** Material shown follows **
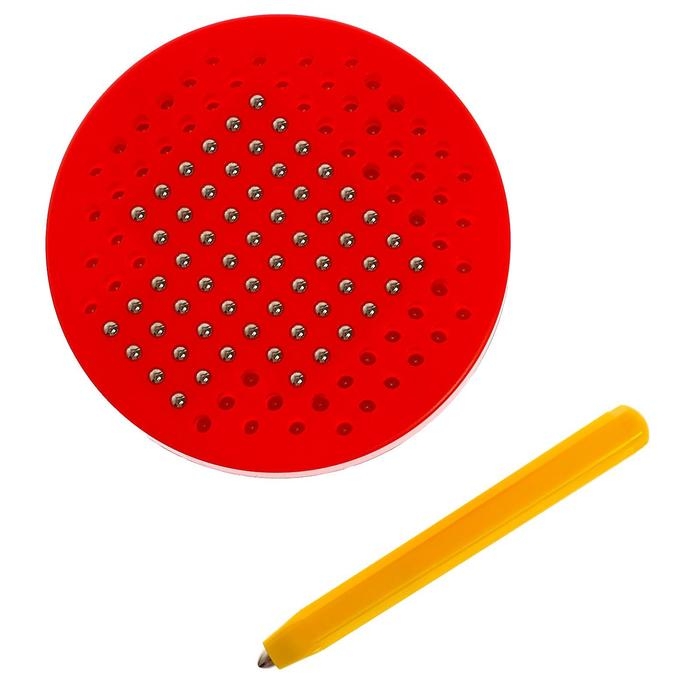 Планшет обучающий &laquo;Магнитное рисование&raquo;, 120 отверстий, с креплением на обороте, цвет красный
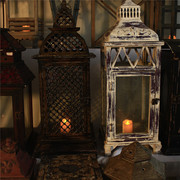 定制孤品大集合-美式乡村风格铁艺木质复古玻璃风灯烛台灯笼装饰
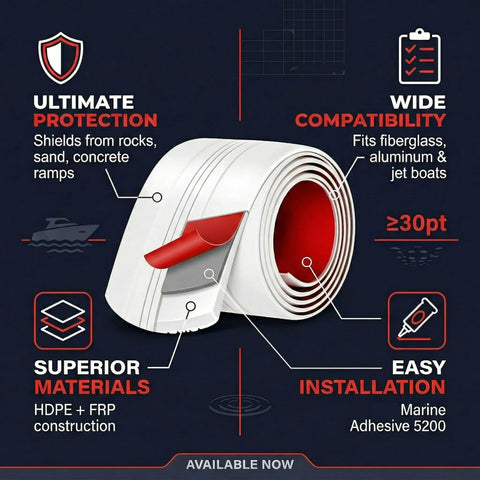 Heavy Duty 6 Foot Keel Guard For Fiberglass And Aluminum Boats Self Adhesive Hull Shield with easy installation details.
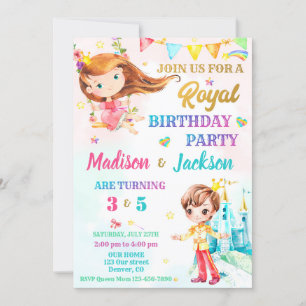 Princess and Prince birthday invitation Royal part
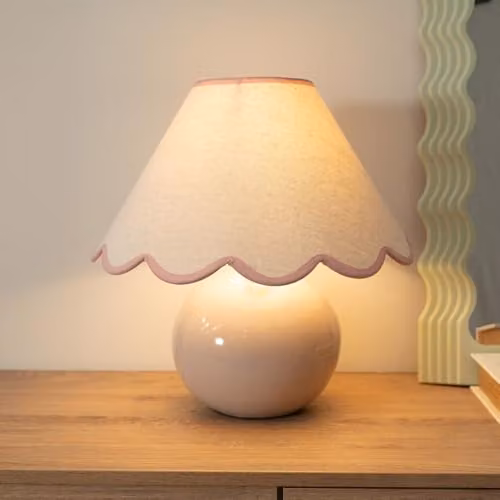 ValueLights Bosco Ceramic Sphere Table Lamp with Pink Scalloped Fabric Shade – 2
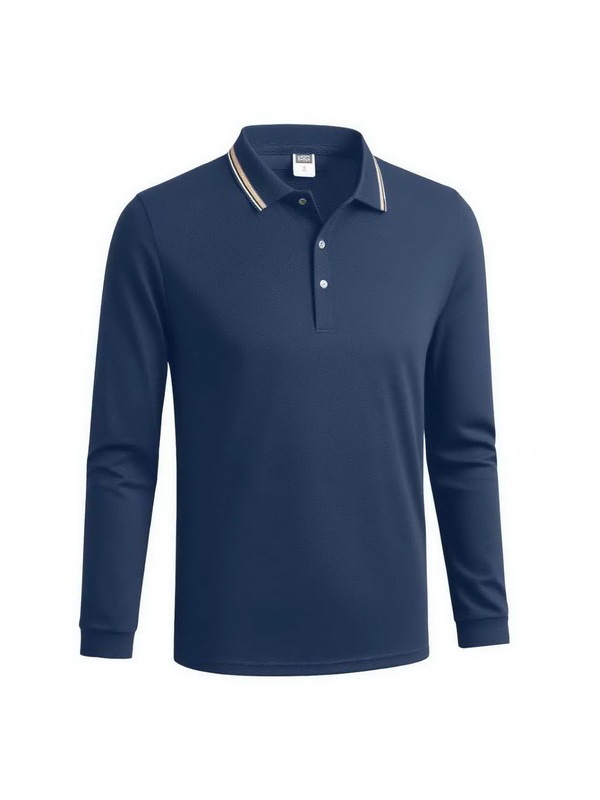 Cross-Border Men's Breathable Quick-Dry Business Tops, Popular Style, Jacquard Turn-Down Collar Long-Sleeve Polo Shirt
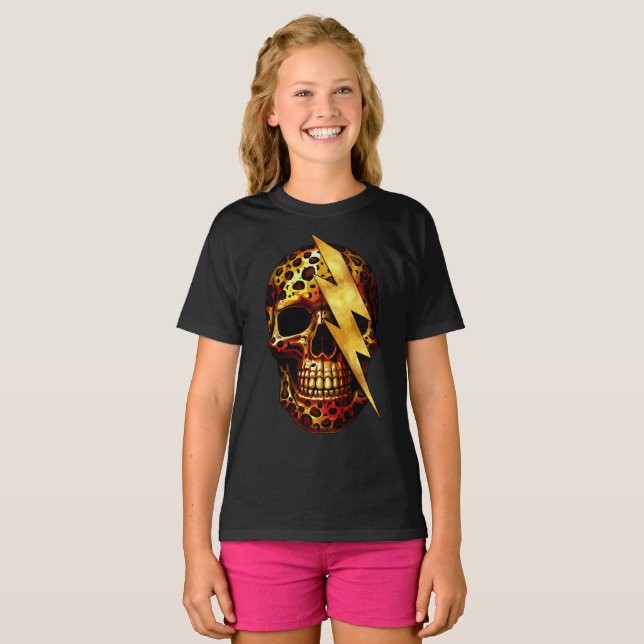 Camiseta Calavera con estampado de leopardo y destellos dor (Anverso completo)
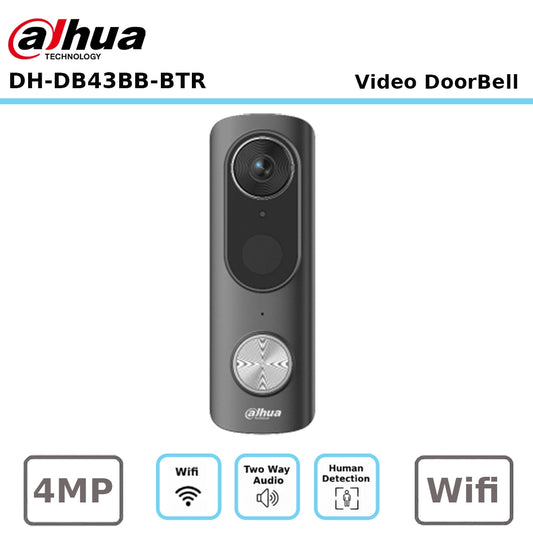 Dahua DH-DB43BB-BTR 4MP Wi-Fi Battery Video Doorbell, AI Detection, Wi-Fi 6, IP65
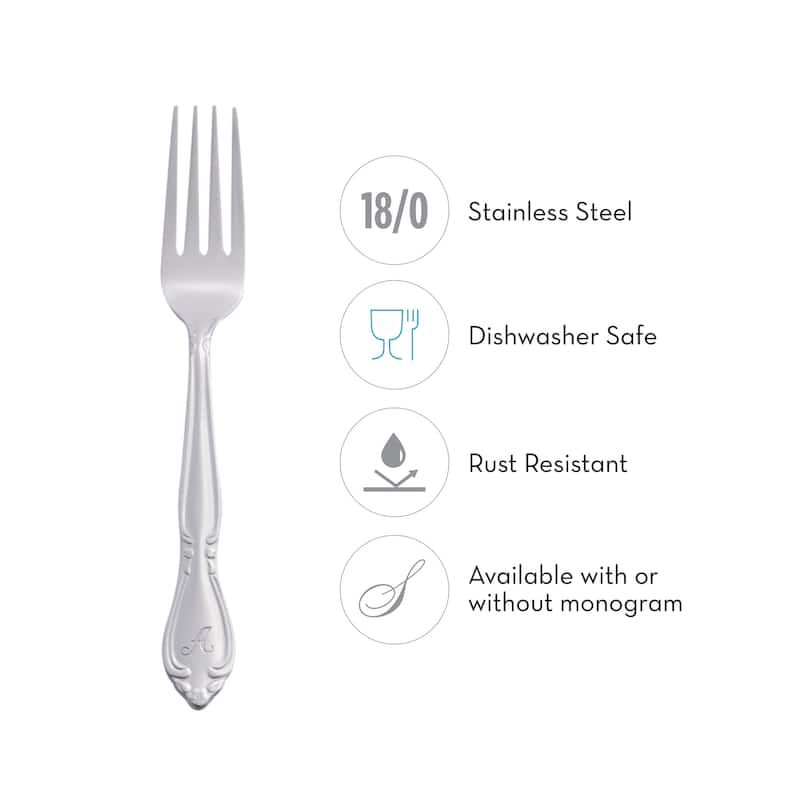 RiverRidge Rose Flatware 46-Piece Monogrammed and Non-Monogrammed Stainless Steel Silverware Set for 8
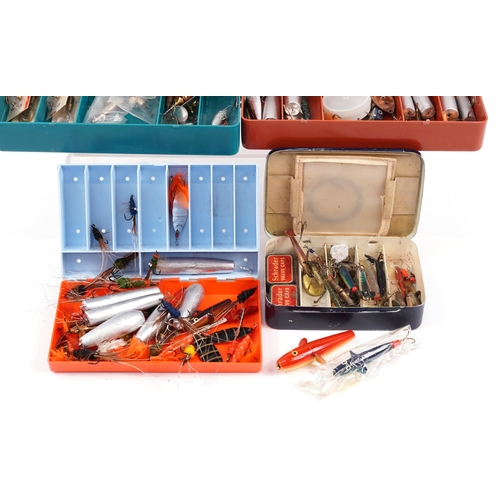 658 - Large collection of vintage and later fishing lures, some named including Abu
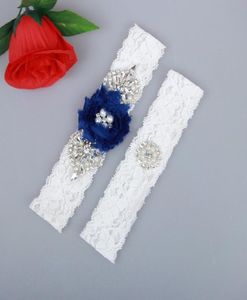 2 Pieces Set Bridal Garters Lace Wedding Belt Set Pearls Handmade Royal Blue Chiffon Flower Rhinestones Vintage Prom Gift Cheap In5706971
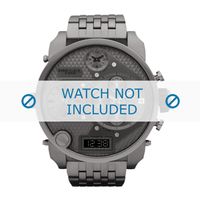 Diesel horlogeband DZ7247 Roestvrij staal (RVS) Antracietgrijs 28mm - thumbnail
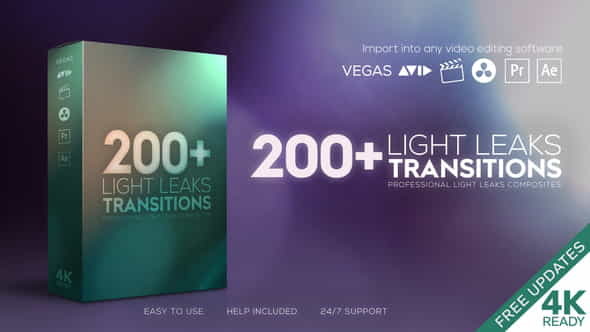 4K Light Leaks Transitions - VideoHive 23604155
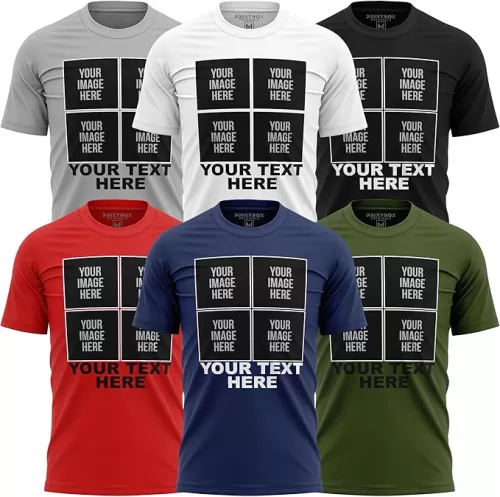 Custom Shirt for Men and Women, ADD Any 4 Images and Text, Customized Shirts, Design Your Own T-Shirt Black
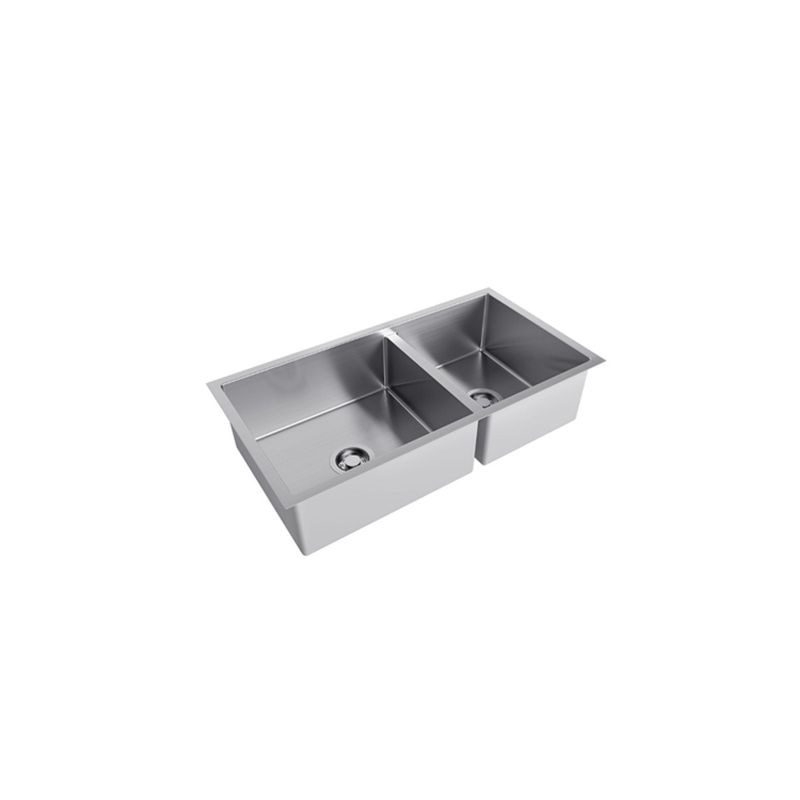 Cuba Dupla Quadratino Inox Escovado de Embutir - 85x40x20 4´1/2 - Debacco Cuba Dupla Quadratino Inox Escovado de Embutir - 85x40x20 4´1/2 - Debacco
** End of Material shown **
**Problem requirements**
Every line from the line containing "2 Pieces Set" through the last line above is to be printed exactly. Pictures are not copied.

**Solution to the problem**
 2 Pieces Set Bridal Garters Lace Wedding Belt Set Pearls Handmade Royal Blue Chiffon Flower Rhinestones Vintage Prom Gift Cheap In5706971
 Diesel horlogeband DZ7247 Roestvrij staal (RVS) Antracietgrijs 28mm - thumbnail
 4K Light Leaks Transitions - VideoHive 23604155
 Custom Shirt for Men and Women, ADD Any 4 Images and Text, Customized Shirts, Design Your Own T-Shirt Black
 Cuba Dupla Quadratino Inox Escovado de Embutir - 85x40x20 4´1/2 - Debacco Cuba Dupla Quadratino Inox Escovado de Embutir - 85x40x20 4´1/2 - Debacco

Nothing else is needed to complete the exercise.